Stephen C. Patrick, Chair
Daniel W. Duval
Gail Hamilton
Richard S. Hill
M.F. (Fran) Keeth
Roger King
Barry W. Perry
PRINCIPAL ACCOUNTING FIRM FEES
     The aggregate fees billed by Arrow’s principal accounting firm, Ernst & Young LLP, for auditing the annual financial statements and the company’s internal controls over financial reporting under Section 404 of the Sarbanes-Oxley Act and related regulations included in the Form 10-K, the reviews of the quarterly financial statements included in the Forms 10-Q, statutory audits, assistance with and review of documents filed with the SEC and consultations on various accounting and reporting matters for each of the last two fiscal years are set forth as “Audit Fees” in the table below.
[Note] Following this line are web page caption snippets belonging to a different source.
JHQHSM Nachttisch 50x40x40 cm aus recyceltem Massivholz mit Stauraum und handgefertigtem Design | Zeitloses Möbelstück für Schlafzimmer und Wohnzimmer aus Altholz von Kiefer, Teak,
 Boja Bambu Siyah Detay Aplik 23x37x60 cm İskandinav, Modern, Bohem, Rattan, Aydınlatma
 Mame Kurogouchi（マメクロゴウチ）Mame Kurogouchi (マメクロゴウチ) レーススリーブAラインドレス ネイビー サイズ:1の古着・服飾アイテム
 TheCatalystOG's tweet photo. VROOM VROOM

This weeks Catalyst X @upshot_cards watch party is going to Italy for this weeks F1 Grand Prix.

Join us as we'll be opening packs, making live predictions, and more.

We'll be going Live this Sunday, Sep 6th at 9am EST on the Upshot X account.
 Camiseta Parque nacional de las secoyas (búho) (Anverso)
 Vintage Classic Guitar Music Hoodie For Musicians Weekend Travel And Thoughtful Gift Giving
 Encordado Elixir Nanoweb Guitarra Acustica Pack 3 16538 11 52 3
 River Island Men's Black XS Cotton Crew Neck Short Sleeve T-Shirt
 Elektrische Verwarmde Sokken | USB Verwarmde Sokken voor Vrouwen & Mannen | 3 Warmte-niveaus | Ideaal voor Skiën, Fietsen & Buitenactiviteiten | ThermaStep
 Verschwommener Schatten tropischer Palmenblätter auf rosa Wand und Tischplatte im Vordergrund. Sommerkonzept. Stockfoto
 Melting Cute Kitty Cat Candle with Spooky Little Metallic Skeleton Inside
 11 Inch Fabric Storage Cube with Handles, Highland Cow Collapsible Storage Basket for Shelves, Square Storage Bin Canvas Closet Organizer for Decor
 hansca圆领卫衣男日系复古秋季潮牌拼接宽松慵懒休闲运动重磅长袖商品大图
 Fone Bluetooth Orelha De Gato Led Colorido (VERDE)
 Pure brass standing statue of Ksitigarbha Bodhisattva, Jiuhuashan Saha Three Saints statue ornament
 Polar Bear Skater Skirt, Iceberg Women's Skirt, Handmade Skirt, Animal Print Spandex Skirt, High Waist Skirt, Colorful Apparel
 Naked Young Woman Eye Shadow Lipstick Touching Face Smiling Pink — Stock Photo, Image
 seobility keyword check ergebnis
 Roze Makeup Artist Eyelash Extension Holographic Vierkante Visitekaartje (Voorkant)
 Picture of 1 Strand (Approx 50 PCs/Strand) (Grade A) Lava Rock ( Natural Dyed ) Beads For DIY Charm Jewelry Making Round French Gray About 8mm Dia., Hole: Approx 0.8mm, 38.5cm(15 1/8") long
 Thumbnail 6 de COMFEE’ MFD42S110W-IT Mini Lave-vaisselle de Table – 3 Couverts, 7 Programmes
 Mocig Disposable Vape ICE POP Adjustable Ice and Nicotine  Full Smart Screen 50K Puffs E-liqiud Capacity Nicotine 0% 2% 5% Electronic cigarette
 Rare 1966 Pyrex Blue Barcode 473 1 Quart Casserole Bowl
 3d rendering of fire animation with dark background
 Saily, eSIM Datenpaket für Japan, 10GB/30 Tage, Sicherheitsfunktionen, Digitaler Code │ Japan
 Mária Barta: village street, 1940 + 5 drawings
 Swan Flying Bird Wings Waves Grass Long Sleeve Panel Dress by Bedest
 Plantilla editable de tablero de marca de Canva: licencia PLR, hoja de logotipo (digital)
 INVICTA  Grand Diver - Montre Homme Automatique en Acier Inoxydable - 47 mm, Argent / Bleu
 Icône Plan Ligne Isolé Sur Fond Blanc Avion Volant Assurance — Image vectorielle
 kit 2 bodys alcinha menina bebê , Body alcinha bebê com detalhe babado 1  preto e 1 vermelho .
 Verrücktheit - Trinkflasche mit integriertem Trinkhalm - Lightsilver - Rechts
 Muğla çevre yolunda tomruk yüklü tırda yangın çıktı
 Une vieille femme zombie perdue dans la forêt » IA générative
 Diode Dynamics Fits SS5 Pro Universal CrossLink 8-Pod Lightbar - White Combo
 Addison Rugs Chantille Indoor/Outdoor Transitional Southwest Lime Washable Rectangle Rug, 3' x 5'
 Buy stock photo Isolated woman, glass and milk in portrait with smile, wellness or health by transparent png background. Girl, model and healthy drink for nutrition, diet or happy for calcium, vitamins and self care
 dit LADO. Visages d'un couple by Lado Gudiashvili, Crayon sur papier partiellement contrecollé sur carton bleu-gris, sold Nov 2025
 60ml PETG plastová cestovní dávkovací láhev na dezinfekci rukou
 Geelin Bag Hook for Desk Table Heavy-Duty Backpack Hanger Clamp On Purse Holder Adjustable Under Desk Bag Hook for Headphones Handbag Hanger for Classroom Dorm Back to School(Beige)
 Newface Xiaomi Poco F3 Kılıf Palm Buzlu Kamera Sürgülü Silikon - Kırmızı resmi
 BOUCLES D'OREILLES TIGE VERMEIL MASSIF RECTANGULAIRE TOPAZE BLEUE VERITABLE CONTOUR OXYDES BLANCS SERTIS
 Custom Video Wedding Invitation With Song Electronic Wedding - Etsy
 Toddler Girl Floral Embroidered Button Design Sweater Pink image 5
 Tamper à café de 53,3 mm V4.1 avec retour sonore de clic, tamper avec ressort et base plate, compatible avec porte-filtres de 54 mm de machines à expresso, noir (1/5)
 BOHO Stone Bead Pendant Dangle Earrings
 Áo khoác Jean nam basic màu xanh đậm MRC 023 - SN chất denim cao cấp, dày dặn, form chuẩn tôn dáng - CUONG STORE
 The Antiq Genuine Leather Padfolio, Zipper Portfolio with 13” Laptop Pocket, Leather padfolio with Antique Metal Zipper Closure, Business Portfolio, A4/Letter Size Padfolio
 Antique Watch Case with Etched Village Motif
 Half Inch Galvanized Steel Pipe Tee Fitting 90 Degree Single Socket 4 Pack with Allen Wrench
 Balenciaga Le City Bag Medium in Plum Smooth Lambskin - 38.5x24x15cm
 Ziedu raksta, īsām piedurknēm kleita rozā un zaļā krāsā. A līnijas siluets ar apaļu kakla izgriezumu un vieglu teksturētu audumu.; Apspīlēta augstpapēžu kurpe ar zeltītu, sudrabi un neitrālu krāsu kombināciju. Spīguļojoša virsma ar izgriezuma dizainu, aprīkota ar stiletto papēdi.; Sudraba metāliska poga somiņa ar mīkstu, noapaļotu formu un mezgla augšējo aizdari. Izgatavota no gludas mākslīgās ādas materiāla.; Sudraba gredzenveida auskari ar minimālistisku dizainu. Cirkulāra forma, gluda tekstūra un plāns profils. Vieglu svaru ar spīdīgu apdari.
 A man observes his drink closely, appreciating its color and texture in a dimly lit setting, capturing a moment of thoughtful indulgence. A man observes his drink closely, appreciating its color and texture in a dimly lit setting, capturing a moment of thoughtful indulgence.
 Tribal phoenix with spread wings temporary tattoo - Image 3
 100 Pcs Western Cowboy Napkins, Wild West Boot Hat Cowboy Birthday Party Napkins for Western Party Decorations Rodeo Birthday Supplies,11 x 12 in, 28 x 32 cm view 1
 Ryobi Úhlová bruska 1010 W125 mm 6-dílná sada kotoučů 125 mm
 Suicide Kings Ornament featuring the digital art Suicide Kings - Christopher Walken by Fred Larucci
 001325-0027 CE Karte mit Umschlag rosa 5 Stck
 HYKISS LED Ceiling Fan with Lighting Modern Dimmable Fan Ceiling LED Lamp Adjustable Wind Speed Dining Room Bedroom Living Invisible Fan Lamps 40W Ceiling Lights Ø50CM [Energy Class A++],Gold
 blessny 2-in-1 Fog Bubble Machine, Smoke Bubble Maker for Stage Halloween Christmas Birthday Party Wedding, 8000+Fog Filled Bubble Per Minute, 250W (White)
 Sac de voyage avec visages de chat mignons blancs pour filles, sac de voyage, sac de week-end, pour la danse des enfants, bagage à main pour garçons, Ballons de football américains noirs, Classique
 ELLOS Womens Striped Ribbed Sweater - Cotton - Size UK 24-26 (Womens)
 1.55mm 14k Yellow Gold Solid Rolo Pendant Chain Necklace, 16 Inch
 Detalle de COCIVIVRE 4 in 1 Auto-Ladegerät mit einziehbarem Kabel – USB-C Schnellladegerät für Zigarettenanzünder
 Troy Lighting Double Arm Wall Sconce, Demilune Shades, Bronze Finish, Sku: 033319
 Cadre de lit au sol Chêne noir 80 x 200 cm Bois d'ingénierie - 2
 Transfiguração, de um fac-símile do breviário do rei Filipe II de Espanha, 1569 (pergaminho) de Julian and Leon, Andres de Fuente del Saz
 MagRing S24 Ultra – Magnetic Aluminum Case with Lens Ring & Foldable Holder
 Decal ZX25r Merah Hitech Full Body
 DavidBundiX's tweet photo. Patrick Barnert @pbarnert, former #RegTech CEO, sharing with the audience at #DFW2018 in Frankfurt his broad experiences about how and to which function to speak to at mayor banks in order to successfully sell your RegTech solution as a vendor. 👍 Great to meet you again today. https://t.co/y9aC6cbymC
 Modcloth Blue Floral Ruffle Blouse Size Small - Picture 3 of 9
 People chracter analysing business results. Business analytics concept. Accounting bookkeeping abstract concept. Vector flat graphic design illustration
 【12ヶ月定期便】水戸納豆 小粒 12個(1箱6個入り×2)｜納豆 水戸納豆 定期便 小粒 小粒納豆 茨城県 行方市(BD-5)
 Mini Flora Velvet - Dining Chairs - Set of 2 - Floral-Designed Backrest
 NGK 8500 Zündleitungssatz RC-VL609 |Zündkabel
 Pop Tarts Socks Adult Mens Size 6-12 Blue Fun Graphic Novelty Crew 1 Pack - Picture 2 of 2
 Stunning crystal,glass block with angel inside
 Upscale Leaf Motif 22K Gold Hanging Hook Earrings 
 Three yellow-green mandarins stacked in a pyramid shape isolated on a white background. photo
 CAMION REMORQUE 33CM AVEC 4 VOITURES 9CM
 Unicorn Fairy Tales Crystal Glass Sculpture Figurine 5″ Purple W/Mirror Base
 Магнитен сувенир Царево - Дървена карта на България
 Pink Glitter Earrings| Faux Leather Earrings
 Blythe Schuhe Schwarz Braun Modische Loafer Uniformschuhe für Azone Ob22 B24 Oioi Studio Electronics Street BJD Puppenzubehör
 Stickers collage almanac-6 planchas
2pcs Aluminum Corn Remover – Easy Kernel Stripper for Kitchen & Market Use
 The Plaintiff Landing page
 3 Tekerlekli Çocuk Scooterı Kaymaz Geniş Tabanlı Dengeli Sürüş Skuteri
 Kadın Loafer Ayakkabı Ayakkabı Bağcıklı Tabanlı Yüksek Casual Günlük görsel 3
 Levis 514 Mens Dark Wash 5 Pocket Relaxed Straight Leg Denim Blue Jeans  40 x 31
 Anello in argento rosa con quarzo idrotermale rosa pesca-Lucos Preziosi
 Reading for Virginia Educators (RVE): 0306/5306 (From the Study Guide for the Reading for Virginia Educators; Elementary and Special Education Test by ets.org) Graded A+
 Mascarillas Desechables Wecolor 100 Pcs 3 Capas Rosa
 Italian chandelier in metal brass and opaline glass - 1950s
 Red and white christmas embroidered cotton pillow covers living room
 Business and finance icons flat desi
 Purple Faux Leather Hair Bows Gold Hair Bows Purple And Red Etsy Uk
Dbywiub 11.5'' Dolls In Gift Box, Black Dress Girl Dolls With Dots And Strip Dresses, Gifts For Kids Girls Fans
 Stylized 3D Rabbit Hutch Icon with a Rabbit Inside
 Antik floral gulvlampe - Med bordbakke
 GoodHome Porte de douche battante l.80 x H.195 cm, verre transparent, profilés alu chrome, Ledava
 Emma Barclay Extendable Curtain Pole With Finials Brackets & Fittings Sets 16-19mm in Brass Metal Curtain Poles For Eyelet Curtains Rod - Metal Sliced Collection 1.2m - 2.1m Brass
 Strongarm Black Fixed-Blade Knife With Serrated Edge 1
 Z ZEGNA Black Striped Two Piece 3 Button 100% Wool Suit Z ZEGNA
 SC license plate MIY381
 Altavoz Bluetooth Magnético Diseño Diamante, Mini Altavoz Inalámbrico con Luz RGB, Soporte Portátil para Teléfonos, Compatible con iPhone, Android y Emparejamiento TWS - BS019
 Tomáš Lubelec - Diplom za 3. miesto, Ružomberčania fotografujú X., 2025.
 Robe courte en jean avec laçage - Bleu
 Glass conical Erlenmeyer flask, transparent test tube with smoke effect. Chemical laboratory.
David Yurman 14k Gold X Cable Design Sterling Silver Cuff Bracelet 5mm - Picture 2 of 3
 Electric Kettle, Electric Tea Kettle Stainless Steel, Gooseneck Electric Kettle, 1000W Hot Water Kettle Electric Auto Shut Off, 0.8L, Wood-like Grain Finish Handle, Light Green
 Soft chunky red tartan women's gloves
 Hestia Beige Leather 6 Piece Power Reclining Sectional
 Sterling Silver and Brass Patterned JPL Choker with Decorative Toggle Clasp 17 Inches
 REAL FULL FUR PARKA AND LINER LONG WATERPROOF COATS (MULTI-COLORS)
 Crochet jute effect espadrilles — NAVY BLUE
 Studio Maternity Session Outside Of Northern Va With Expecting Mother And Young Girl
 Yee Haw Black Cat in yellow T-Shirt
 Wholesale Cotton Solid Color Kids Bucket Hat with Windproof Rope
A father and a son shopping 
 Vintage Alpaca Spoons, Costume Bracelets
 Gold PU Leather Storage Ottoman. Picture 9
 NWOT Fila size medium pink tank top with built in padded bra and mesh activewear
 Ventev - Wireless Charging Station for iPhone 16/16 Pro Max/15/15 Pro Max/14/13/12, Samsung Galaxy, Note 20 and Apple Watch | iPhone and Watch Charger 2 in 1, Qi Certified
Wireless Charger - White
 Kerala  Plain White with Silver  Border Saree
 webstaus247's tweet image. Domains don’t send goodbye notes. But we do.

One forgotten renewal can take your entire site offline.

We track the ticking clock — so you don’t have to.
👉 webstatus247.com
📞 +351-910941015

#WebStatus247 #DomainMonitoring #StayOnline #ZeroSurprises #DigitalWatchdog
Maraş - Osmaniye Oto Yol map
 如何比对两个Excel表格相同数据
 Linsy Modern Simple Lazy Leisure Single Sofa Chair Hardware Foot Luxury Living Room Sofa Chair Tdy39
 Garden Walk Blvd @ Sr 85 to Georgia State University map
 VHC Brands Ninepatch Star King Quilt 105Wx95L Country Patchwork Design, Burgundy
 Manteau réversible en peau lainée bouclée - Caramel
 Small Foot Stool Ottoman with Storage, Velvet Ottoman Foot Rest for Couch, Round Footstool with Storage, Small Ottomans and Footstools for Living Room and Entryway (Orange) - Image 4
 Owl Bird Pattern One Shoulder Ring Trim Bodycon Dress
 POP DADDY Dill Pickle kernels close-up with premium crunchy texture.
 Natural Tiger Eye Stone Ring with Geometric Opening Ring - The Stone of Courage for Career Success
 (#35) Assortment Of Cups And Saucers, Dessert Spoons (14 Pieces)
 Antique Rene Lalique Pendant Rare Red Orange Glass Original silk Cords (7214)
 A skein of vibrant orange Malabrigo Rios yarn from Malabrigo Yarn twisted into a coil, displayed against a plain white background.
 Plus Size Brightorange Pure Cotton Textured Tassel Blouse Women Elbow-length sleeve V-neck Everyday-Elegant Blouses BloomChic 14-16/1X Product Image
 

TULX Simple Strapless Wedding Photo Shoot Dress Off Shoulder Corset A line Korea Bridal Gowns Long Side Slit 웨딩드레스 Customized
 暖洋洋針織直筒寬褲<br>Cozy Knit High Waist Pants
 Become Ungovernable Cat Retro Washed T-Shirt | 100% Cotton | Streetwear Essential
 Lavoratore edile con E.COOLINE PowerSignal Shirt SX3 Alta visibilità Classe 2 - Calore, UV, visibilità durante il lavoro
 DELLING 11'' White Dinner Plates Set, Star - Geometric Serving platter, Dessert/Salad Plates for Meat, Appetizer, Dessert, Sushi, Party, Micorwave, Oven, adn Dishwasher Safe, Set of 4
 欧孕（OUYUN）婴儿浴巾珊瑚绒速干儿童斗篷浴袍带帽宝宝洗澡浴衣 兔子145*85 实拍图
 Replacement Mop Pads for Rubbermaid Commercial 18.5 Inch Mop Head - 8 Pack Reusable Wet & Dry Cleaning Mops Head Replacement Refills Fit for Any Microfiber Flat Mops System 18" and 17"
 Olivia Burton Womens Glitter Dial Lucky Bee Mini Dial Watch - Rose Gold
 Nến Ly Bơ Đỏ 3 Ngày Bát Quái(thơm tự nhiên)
     Also set forth for the last two fiscal years are “audit-related” fees. Such fees are for services rendered in connection with business acquisitions, employee benefit plan audits, and other accounting consultations. Tax fees relate to assistance in tax return preparation and tax audits, and tax interpretation and compliance, in various tax jurisdictions around the world. Ernst & Young did not provide any services related to financial information systems design or implementation or personal tax work or other services for any of the company’s executive officers or members of the Board.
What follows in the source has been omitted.